Evolution is a big part of what separates success from failure. The concept of “survival of the fittest” is built from our ability to adapt to ever changing conditions and hopefully make it through the weeding out of the weak. Montreal’s restaurant scene has evolved and is a far cry from what it was 10 years ago. In 2005 opulent supper clubs and trendy restaurants ruled the scene, as high-society party hoppers went from dinner to dancing each night at the same venue. In some cases as soon as the empty plates were cleared, the tables became the dance floor.
Today’s scene is much more conservative with bottle service and partying almost completely replaced by a smarter gastronomical food culture. Time Supper Club has done something that a lot of restaurants that once shared the hot-spotlight failed to do; it has survived. By adapting to different needs, the once infamous restaurant/nightclub has evolved into a malleable and unique private event space with enough capacity for a 600-guest cocktail party and a seating capacity of 250 guests. There are not many independent spaces like this in Montreal and Time offers a unique venue for those who are looking for something in the urban landscape, yet a little different. As far as recommending the space, I’d be happy to point clients in Time’s direction.
At a recent blowout dinner thrown for almost 160 of Montreal’s media, event planners and hotel concierge, Time Supper Club’s bold new direction was front and centre for a hands-on experience like no other. We kicked the evening off in the upstairs VIP lounge that overlooks the main space below. Chatting with other guests, some were nostalgic about the nights they had back in the day at Time Supper Club. For them, being back at Time was like going back in time. This was my first ever experience at the venue and I was curious about how the night would unravel. We nibbled on canapés while sipping on cocktails and wine before heading downstairs to see what the chef was preparing for our dining pleasure. The menu featured 11 appetizers and 7 main courses, which meant the kitchen was busy well into the evening.
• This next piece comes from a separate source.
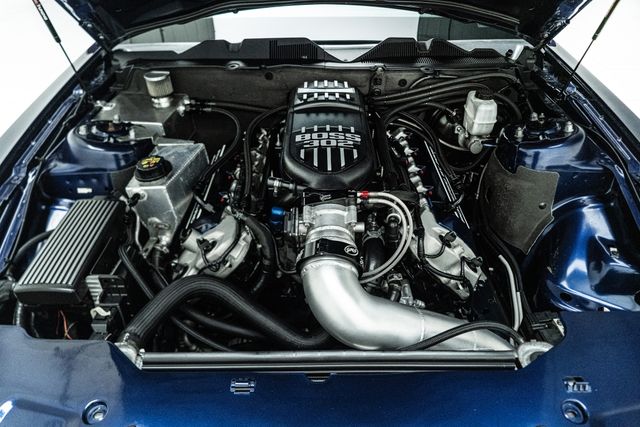 2012 Ford Mustang Boss 302 TWIN-TURBO 1500+HP Beast $100k Invested | Carrollton, TX | Texas Hot Rides 2012 Ford Mustang Boss 302 TWIN-TURBO 1500+HP Beast $100k Invested | Carrollton, TX | Texas Hot Rides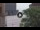 Webcam in Naples, 8.6 km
As mentioned before, I would be happy to recommend the space but the food I tried left me concerned. I feel like the chef over did it on providing us with such a vast selection. It feels like he threw everything in his arsenal at the wall to see what would stick. We tried everything from veal tongue to lamb tartar to duck confit, shrimp and more. I have no doubt that the chef knows what he’s doing and I am not doubting his capability but feeding 160 people 18 different dishes over a 5 hour period may not have been the best way to present the food. The kitchen seemed very versatile but they stretched themselves a bit too far by trying to show us everything.
The best dishes of the night included a tandoori tuna gravlax, heirloom beets and mozzarella di Buffala. I wasn’t as fond of the soggy, grilled-to-limp romaine lettuce (yes, grilled lettuce!) or the risotto. The risotto (pictured above) was undercooked and had a texture of chalky rice pudding. The use of mint didn’t help either. There were several other dishes that we didn’t even get a shot at because we had one plate for eight people. If you do choose Time Supper Club as your venue, pay close attention to what you want to see on the plates. I feel like a tighter sampling of fewer items on the menu would have made better sense. It would have given the kitchen more time to perfect each dish.
I love the space that houses Time Supper Club and I was happy to have been part of an event, celebrated in such an iconic Montreal restaurant. Though the food was a major misstep, I feel that with better direction, they can get it right.